• What is needed:
Print the whole listing exactly as it appears, but skip the pictures.

• Collected data:
Start of Block
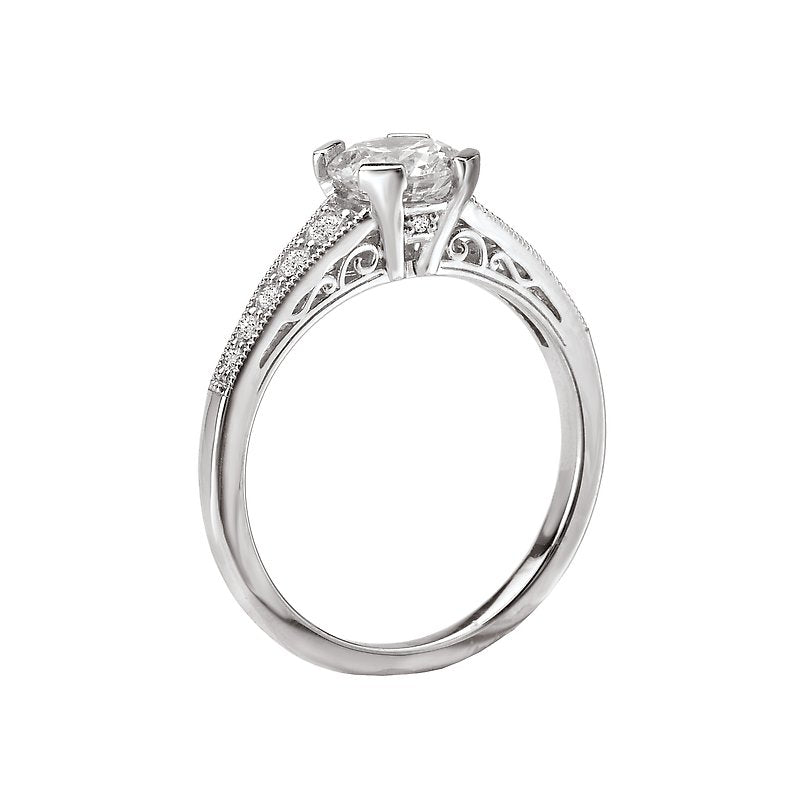 Vintage 14K White Gold Diamond Semi-Mount Ring for 6.5mm Round Stone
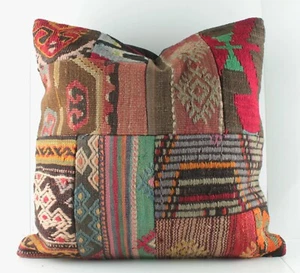 Handmade Turkish Patchwork Pillow Cover 20" Decorative Multicolor Throw Pillow - Picture 1 of 10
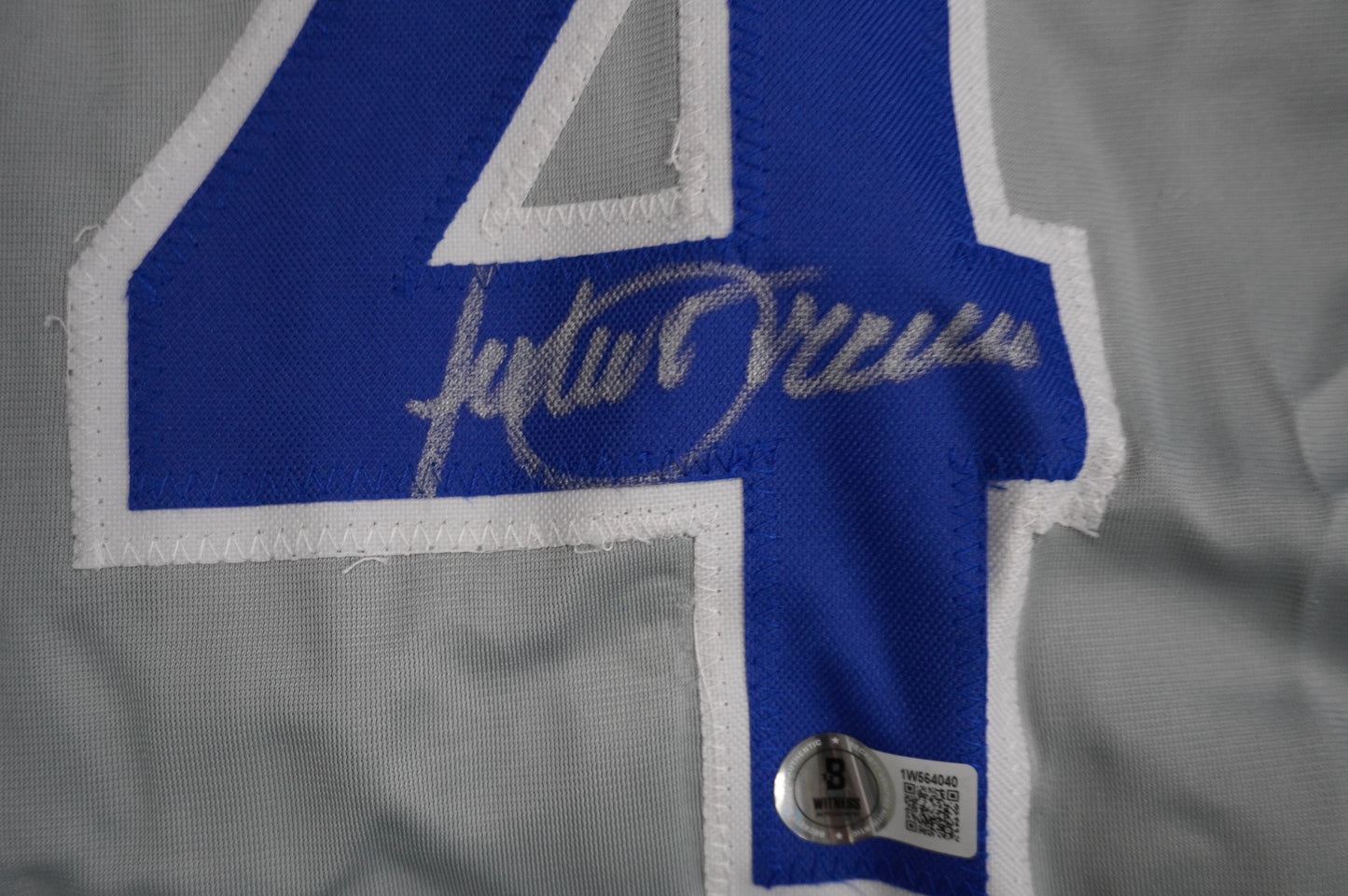 JULIO FRANCO TEXAS RANGERS SIGNED ROAD JERSEY BAS COA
End of Block
• Output for this exercise:
 Vintage 14K White Gold Diamond Semi-Mount Ring for 6.5mm Round Stone
 Handmade Turkish Patchwork Pillow Cover 20" Decorative Multicolor Throw Pillow - Picture 1 of 10
 JULIO FRANCO TEXAS RANGERS SIGNED ROAD JERSEY BAS COA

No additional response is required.